• [Action item]:
In the records below, count every line containing "fence". Reply with the number only.

[Dataset entries]
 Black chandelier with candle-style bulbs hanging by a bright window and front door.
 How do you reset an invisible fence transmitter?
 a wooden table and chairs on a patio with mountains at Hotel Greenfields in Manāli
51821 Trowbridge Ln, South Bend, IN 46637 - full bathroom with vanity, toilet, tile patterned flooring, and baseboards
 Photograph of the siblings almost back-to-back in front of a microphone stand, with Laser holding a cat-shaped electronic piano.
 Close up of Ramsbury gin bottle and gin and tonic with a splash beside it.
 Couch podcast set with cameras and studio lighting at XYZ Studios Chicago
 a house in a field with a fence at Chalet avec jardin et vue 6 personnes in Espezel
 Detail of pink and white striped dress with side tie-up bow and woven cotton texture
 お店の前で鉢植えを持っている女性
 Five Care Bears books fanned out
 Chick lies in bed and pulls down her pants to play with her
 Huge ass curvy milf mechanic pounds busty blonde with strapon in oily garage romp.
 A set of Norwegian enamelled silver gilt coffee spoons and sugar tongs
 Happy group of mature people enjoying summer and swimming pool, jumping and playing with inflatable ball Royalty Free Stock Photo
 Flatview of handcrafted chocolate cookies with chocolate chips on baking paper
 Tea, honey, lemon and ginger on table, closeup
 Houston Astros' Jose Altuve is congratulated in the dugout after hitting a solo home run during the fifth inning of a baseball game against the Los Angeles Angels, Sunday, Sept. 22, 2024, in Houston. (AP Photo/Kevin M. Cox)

• [Finished task]:
2